Вырезка из "Правая рука Люцифера" Часть2

После того, как мы позавтракали, Климентина рассказала мне о том, кто она и почему я нашел ее на улице. Сидя на софе в гостиной и рисуя что-то в альбоме, который я дал ей по ее собственной просьбе, она доверительно рассказала мне о своем даре, или, как называла она его – проклятье. Проклятье это по ее словам было у нее с рождения и именно из-за него ее называли «ведьмой», вечно избивая и унижая ее. Заключалось оно в том, что Климентина видела помыслы и поступки человека, стоило ему лишь коснуться бедной девушки. И мало того, что она была способна увидеть все это, она зачастую впадала в транс, говоря человеку в лицо об его грехах и пороках. Естественно это не нравилось людям, поэтому Климентину ненавидел весь Лондон и стоило ей появиться на улице, она тут же подвергалась насилию и издевкам.
Ее мать умерла еще при родах, а отец, не исполнилось ей и пяти, умер от рака легких. Несмотря на то, что девочка принадлежала дворянскому роду, ее поместили в детдом и держали там до тех пор, пока она не сбежала, замученная жестокостью местных детей.

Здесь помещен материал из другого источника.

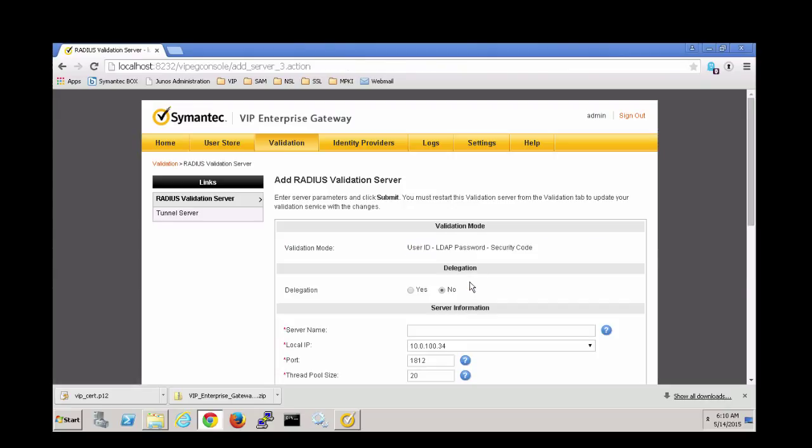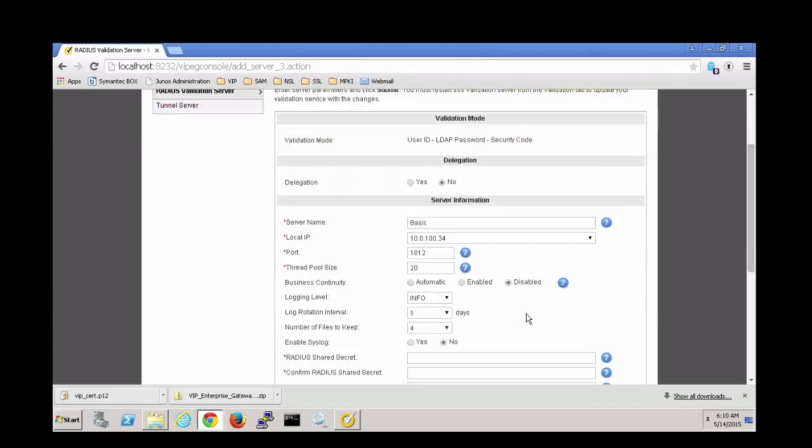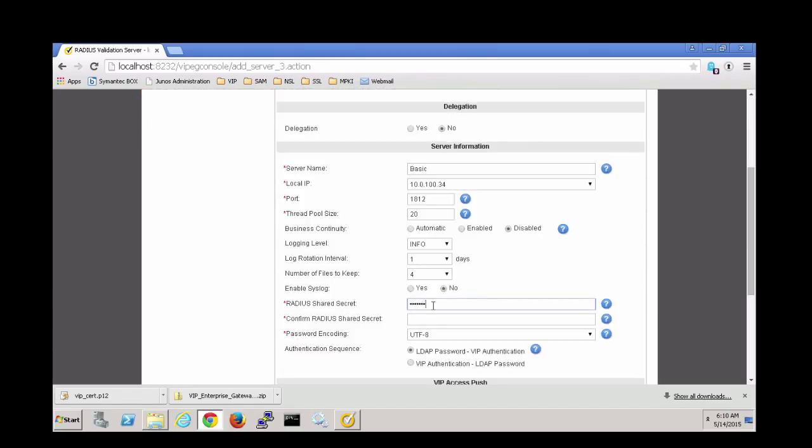Give the server a name you'll recognize and configure the Radius Shared Secret, then click Submit. We'll need that Shared Secret again when we configure Radius settings on the application.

Вскоре после этого она случайно очутилась в доме французского посла, который сделал ее своей игрушкой. С помощью нее он узнавал планы своих компаньонов и удовлетворял свою животную похоть. Когда же посла убили, Климентина вновь очутилась на улице, выживая за счет пищи, найденной в разных местах и различными способами. Таким образом прошли все 19 лет ее жизни.

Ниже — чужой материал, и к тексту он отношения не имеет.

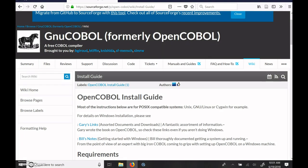Hello, this is Jay, and I'm going to show you how to install OpenCOBOL on a Windows machine. So to do this, you're going to need to follow a guide, which is Bill's Notes, Getting Started on Windows.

Вчера, голодная и уставшая, она с трудом нашла более менее укромный уголок и присела отдохнуть, но тут ее случайно обнаружил я. Коснувшись ее щеки, я пробудил в ней ее силу, и она сказала мне то, что видела своими собственными глазами. Правда из-за того, что была слишком измотанной, надолго ее не хватило, и она рассказала лишь малую толику того, что успела узнать обо мне. Когда же я попросил ее рассказать о том, что она видела, Климентина лишь покачала головой и с милой улыбкой ответила мне, что она не хочет этого, потому что речи ее сильно обидят меня. Я, подумав, решил больше не спрашивать ее ни о чем, и ушел в свою комнату, перед этим сказав ей, что теперь она может жить здесь. В ответ мне она кивнула и продолжила рисовать, не отрываясь.

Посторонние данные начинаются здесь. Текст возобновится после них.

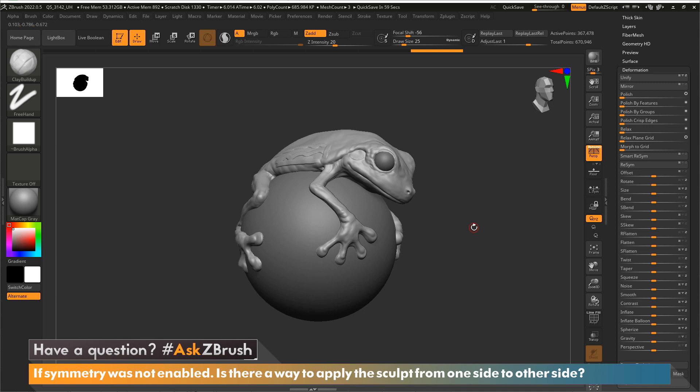Please continue to send in your questions on Twitter with the hashtag Ask ZBrush. Again, send in your questions through Twitter and just make sure you use the hashtag Ask ZBrush. Thanks again, have a great day, and happy ZBrushing!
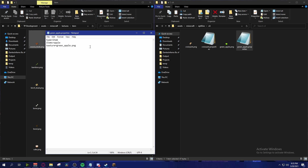Now we want to say: depending on a certain variable or instance, show this texture in game. We're going to deal with NBT tags. You enter a new line and write 'nbt.display.name' — so depending on the name of the item, a certain texture will show up.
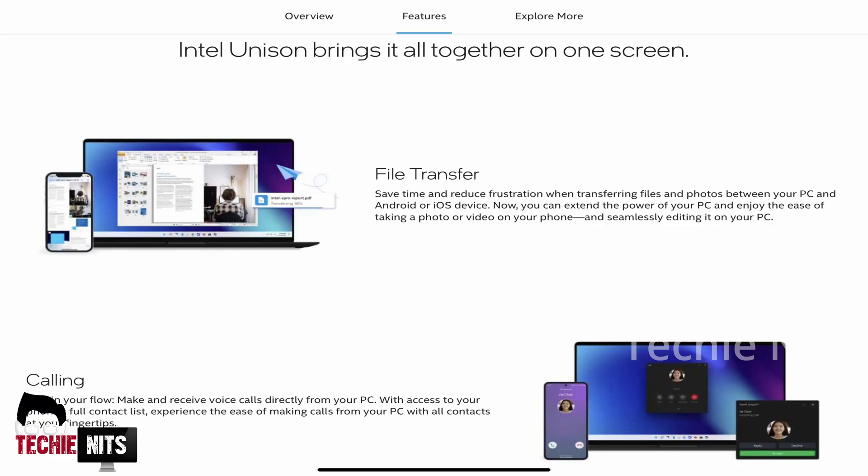I hope this video has helped you and made your life easier when it comes to iPhone and Windows file transfer. I will meet you soon with another informative video. Until then, it's bye from TechieNix.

Из дремы моей меня вытащил звук, смутно напоминающий мне фортепьяно. Открыв свои глаза и обнаружив, что уже давно перевалило за полдень, я встал с кровати и направился туда, откуда раздавалось мелодичное звучание. Пройдя через две большие залы, я очутился в небольшой комнате, окна которые вели на веранду. Посередине комнаты стоял черный, лакированный рояль, а за ним, изящно выгнув спинку, перебирая тонкими пальцами по клавишам, сидела Климентина. Глаза ее были закрыты, а мягкие, красивые уста медленно шевелились – тихо, себе под нос, она мурлыкала какие-то до дрожи в коленях знакомые строчки.
Умиленно улыбнувшись, я оперся спиной о выступающую стену и, не отводя от Климентины глаз, принялся слушать мягкую, переливающуюся сотнями разнообразных звуков мелодию, что так легко и свободно разносилась по всему дому.
Внезапно сильный порыв ветра влетел внутрь через открытые окна и легкое, белое платье девушки принялось развиваться, волнами струясь по воздуху. Короткие, темные волосы, поддаваясь все тому же ветру, присоединялись к платью и так же, как и оно, развивались, ласково касаясь тонкой шеи девушки. Она счастливо улыбалась и продолжала играть, словно мелодия эта была бесконечной.
До ноздрей моих долетел приятный запах, напомнивший мне запах полевых цветов, и я глубоко вздохнул, наполняя свои легкие этим чудным ароматом, ароматом милой Климентины.
Неожиданно она повернула свою голову в мою сторону и божественная мелодия резко оборвалась.
- Я разбудила тебя? – обеспокоенно спросила она. – Ты сердишься?
Я опешил. То, что она разбудила меня, было правдой, но я ни капли не сердился на нее. Разве можно сердиться на такую, как она?
- Что ты, вовсе нет! – я замахал руками в знак протеста. – Я услышал музыку и пришел сюда… Ты очень хорошо играешь.
- Правда? – в глазах ее появилось нечто, похожее радость.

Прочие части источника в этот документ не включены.